Aset strategis kenapa dijual ke asing? Bukankah pendahulu di negeri ini telah memperjuangkannya dengan susah payah semata-mata demi kemandirian bangsa? Banyak pertanyaan berkait dengan keraguan kita akan kemandirian bangsa ini. Fakta-fakta yang ada dan makin kelihatan adalah betapa negeri ini tidak kuasa melawan kekuatan “tersembunyi” yang rasanya mencengkram kuat di semua lini kehidupan.

Jalan perjuangan penyeru kebaikan agaknya terbentang hingga ratusan tahun ke depan untuk mencapai kecerdasan dan kemandirian dari ummat dan bangsa ini.

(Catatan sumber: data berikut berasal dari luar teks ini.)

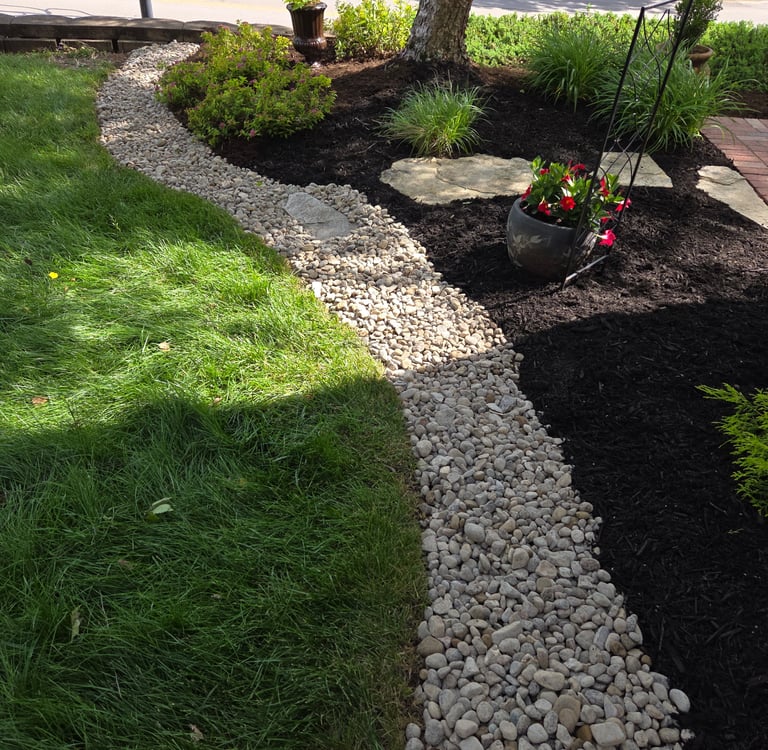Decorative rock border edging around landscaped garden bed with plants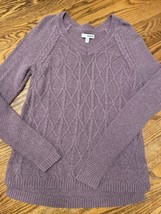 Sonoma Women&#39;s Light Purple Plum Long Sleeve Sweater Small Cable knit V -Neck - £7.49 GBP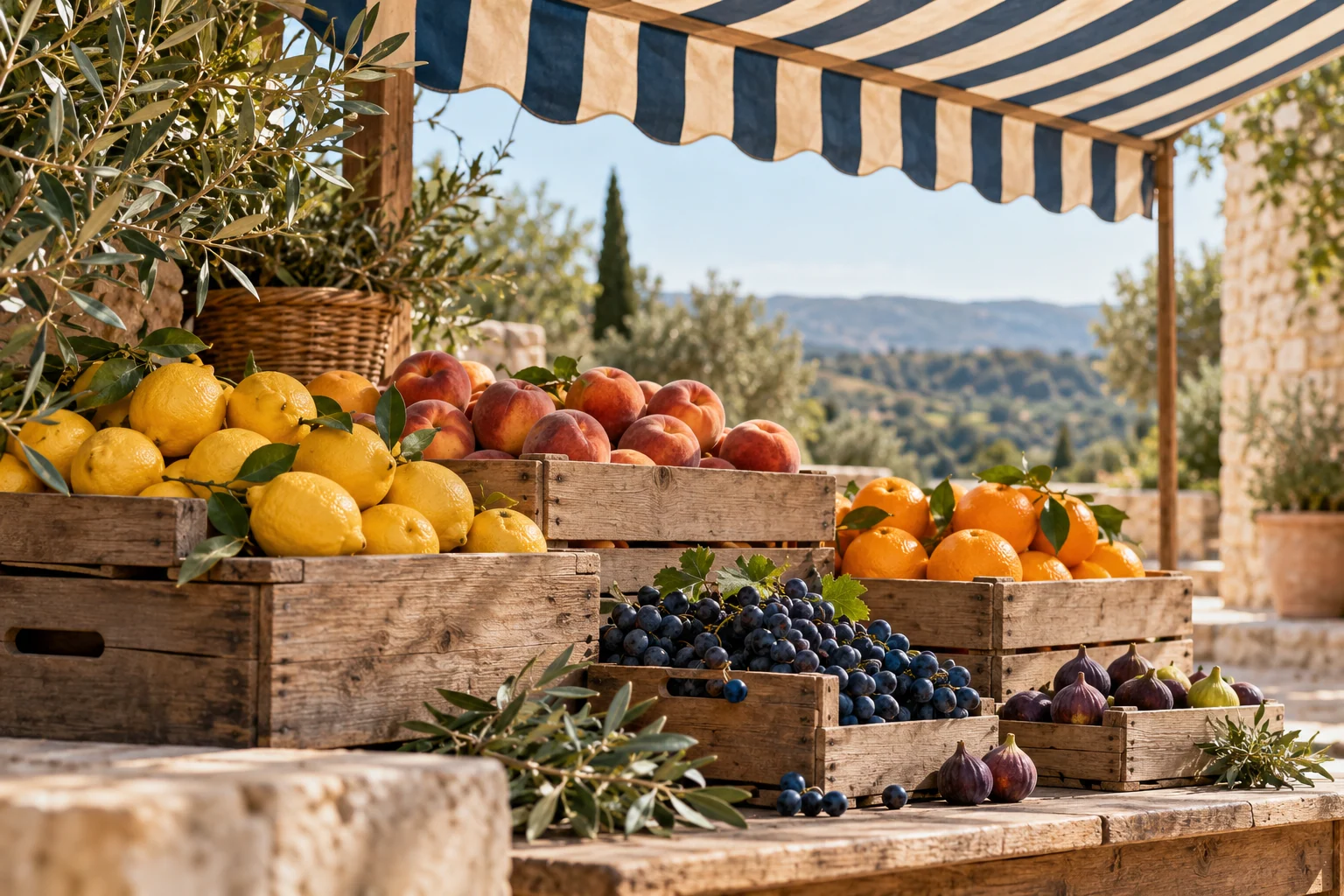 AI-created editorial illustration: A seasonal market stall still life with fresh fruit, plain wooden crates and a beautiful fabric awning, no signs or vendors.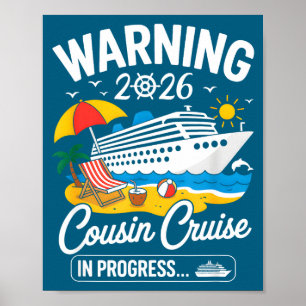 Cousins Cruise Trip Progress 2026 Illustration Poster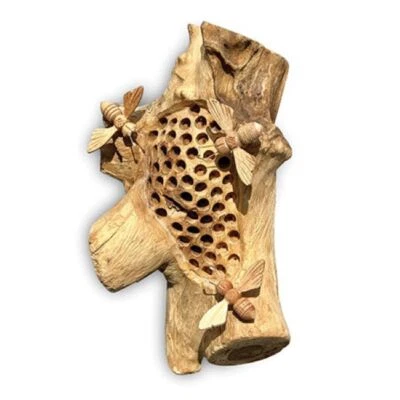 Beehive Wood Sculpture Bumble Bees Wall Ornament Hand Carved Bee Teak Root Decor - Image 1 of 3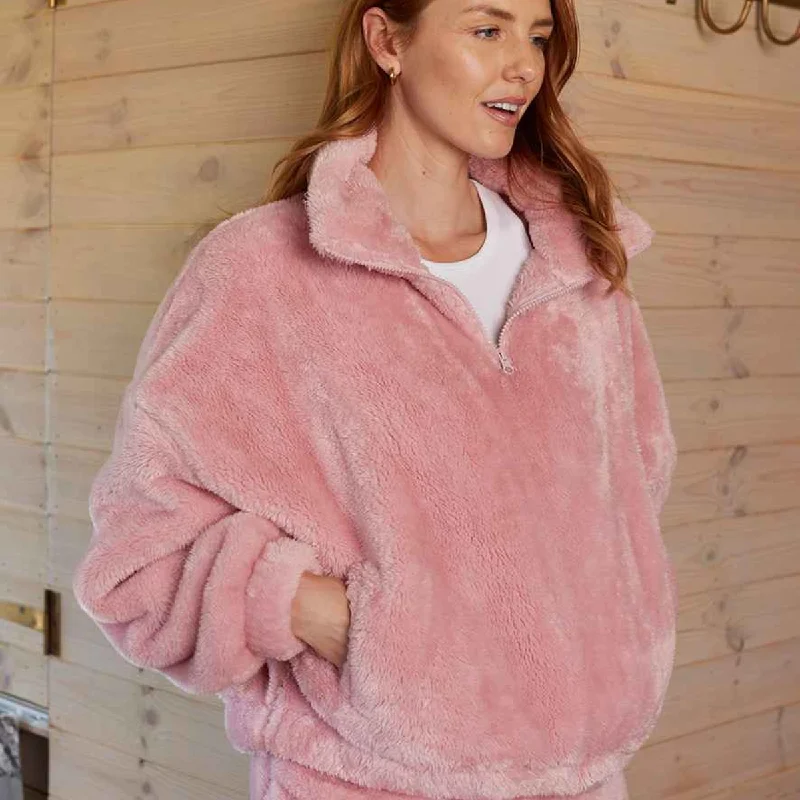 Personalised Ladies Fluffy 1/4 Zip Fleece Sweater Elasticated Padded Insulated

Kita tidak berharap menjadi ashabul kahfi yang telah ditidurkan Allah selama tiga ratus tahun, kemudian menyaksikan bahwa negerinya telah menjadi negeri yang makmur dan diperintah oleh raja yang adil. Kita diperintah untuk bersabar, bersabar, dan bersabar. Kelak, bagi mereka yang sabar, ketika dibangkitkan dari tidur panjangnya (mati) dan setelah melewati berbagai tahapan penghisaban, mereka akan menyaksikan sebuah negeri yang jauh lebih makmur dan sejahtera, yakni negeri surga.

Apa upaya kita untuk menuju kecerdasan dan kemandirian? Hal kecil yang bisa dilakukan adalah mencontoh sepasang ibu-bapak yang datang dari Malaysia itu. Cintailah ilmu. Dan sumber inspirasi terbesar dari segala ilmu adalah Al Quran.
Generasi sahabat telah membuktikan. Interaksi mereka yang kuat dengan Al Quran melahirkan kecerdasan dan kemandirian. Mereka cerdas menafsiran kemauan Allah SWT dan mempraktekkannya secara paripurna dalam kehidupan. Mereka mandiri berkat kepiawaian dalam berbisnis sehingga mampu menginfakkan banyak harta mereka untuk kemuliaan ummat. Sementara mereka yang diberi kepercayaan sebagai penyelenggara negara, mereka sangat amanah menjaga harta ummat dari berpindah ke tangan yang tidak berhak dan memanfaatkannya dengan adil hanya untuk kepentingan ummat.

Tidakkah kita ingin mencontoh mereka? Wallahua’lam bishshawab.